* [EXERCISE BRIEF] Below are entries. Give back exactly the lines from the one containing "Bright and Juicy" through the one containing "10800 Habitat Cir, Bokeelia, FL", inclusive, without the pictures.

(DATA SUPPLIED begins)

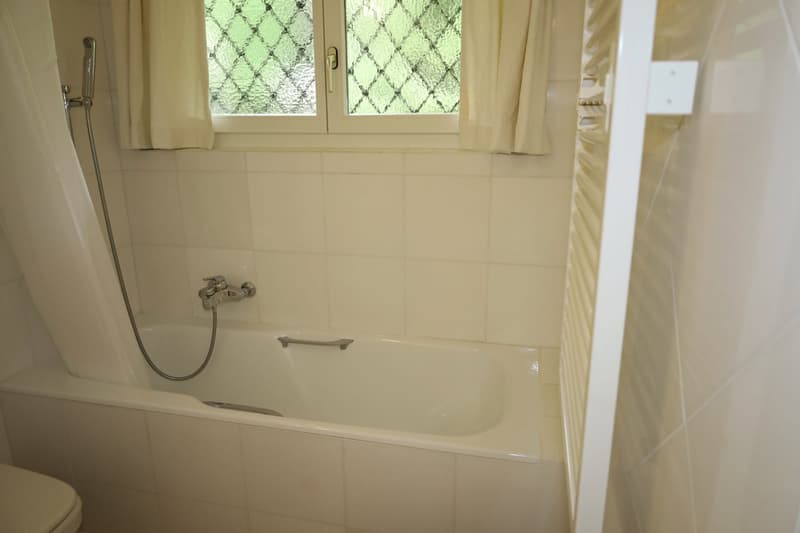 Bathtub, handheld showerhead, window with white curtains, white tiled walls, toilet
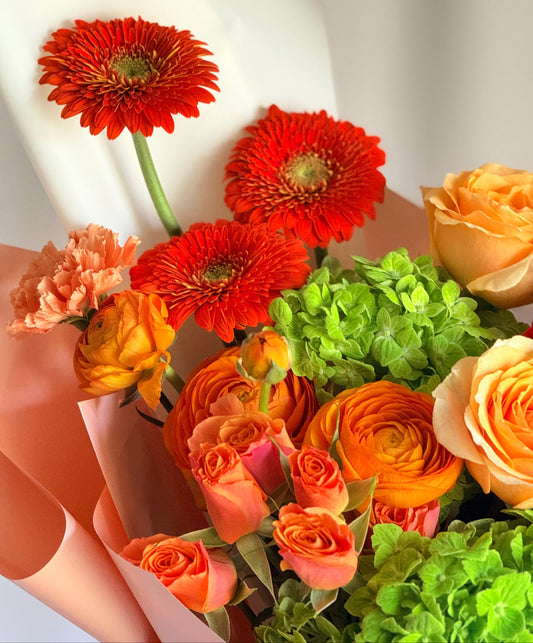 Bright and Juicy floral arrangement with red roses, orange ranunculus, and green hydrangea in a premium pink gift wrap—ideal for birthday or celebration flower delivery.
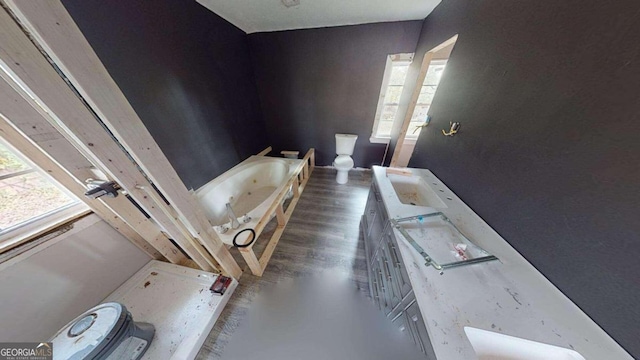 bathroom featuring hardwood / wood-style floors, a bathtub, and toilet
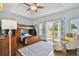 Charming bedroom featuring a bunk bed, private balcony, and relaxing seating area at 2127 Lusitania Dr, Sarasota, FL 34231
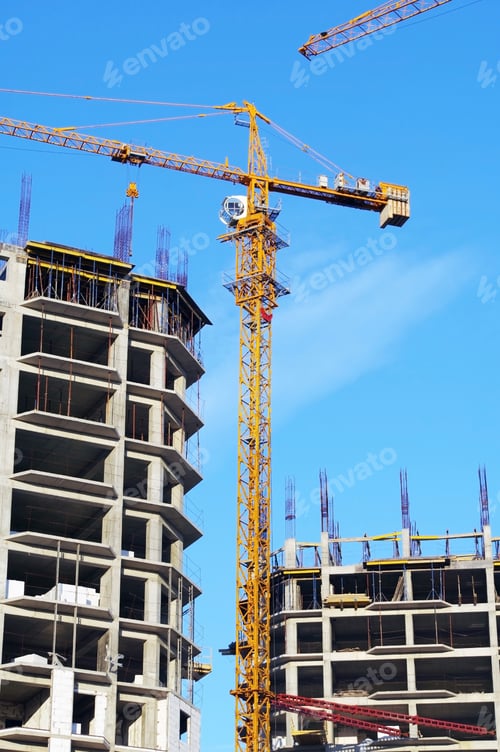 Preview: Building Crane And Building Under Construction Against Evening Blue Sky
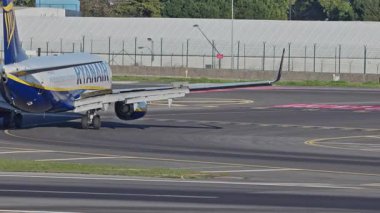 Lizbon, Portekiz - 25 Şubat 2025: Lizbon Havaalanı 'na indikten sonra terminallere giden ticari uçak. Ryanair Havayolları şehir silueti ve havaalanı altyapısı ile taksilerde ilerliyor.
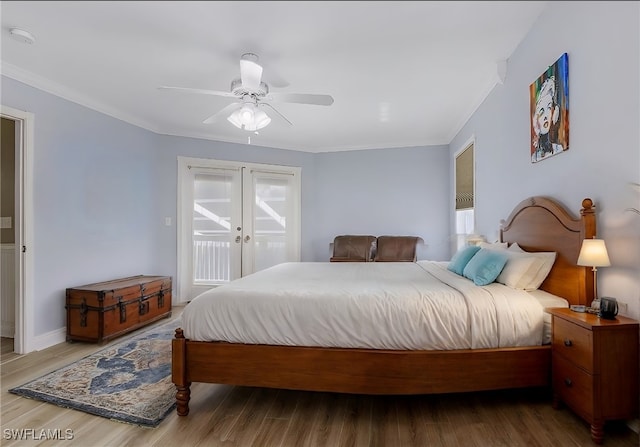 10800 Habitat Cir, Bokeelia, FL 33922 - bedroom with ornamental molding, access to exterior, french doors, wood finished floors, and ceiling fan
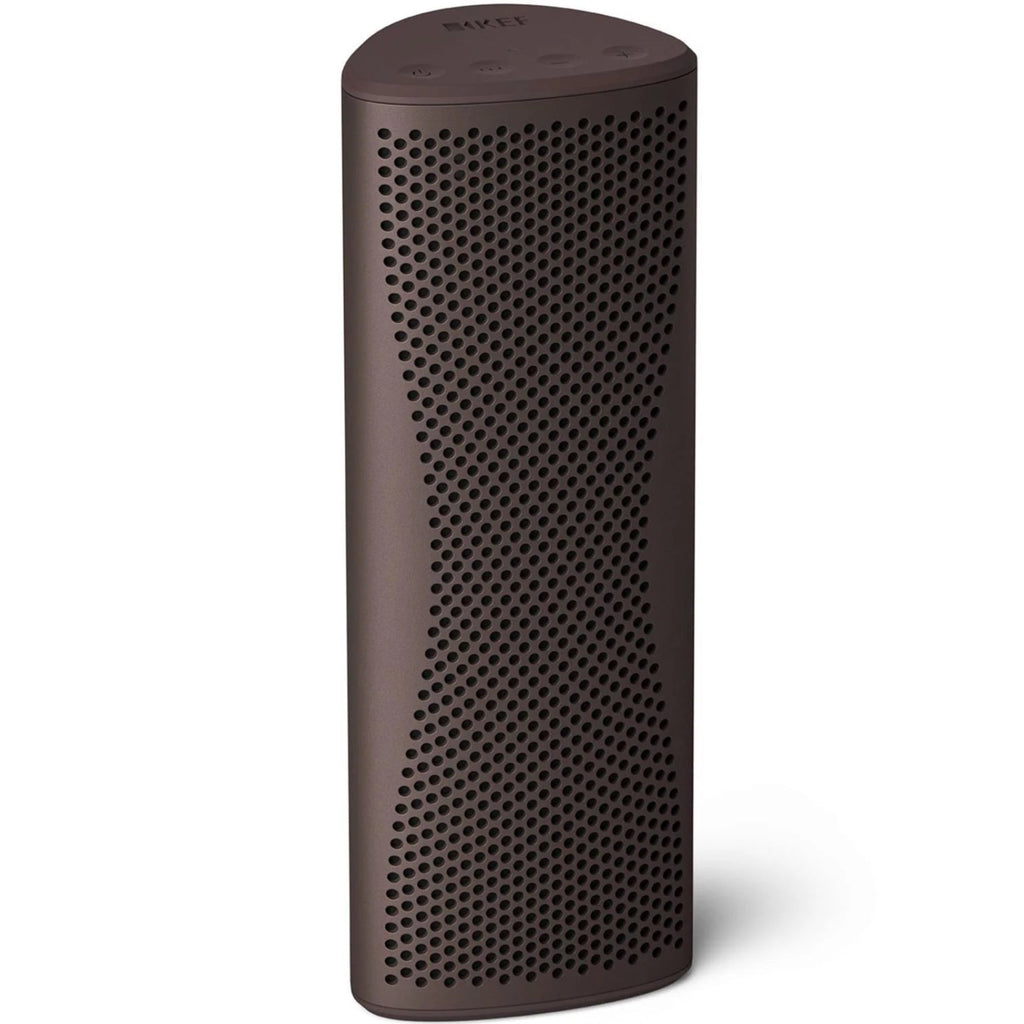 KEF Muo portable speaker in cocoa brown with a sleek top and side view, showcasing its compact, modern design.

(DATA SUPPLIED ends)

* [COMPLETED EXERCISE]
 Bright and Juicy floral arrangement with red roses, orange ranunculus, and green hydrangea in a premium pink gift wrap—ideal for birthday or celebration flower delivery.
 bathroom featuring hardwood / wood-style floors, a bathtub, and toilet
 Charming bedroom featuring a bunk bed, private balcony, and relaxing seating area at 2127 Lusitania Dr, Sarasota, FL 34231
 Preview: Building Crane And Building Under Construction Against Evening Blue Sky
 Lizbon, Portekiz - 25 Şubat 2025: Lizbon Havaalanı 'na indikten sonra terminallere giden ticari uçak. Ryanair Havayolları şehir silueti ve havaalanı altyapısı ile taksilerde ilerliyor.
 10800 Habitat Cir, Bokeelia, FL 33922 - bedroom with ornamental molding, access to exterior, french doors, wood finished floors, and ceiling fan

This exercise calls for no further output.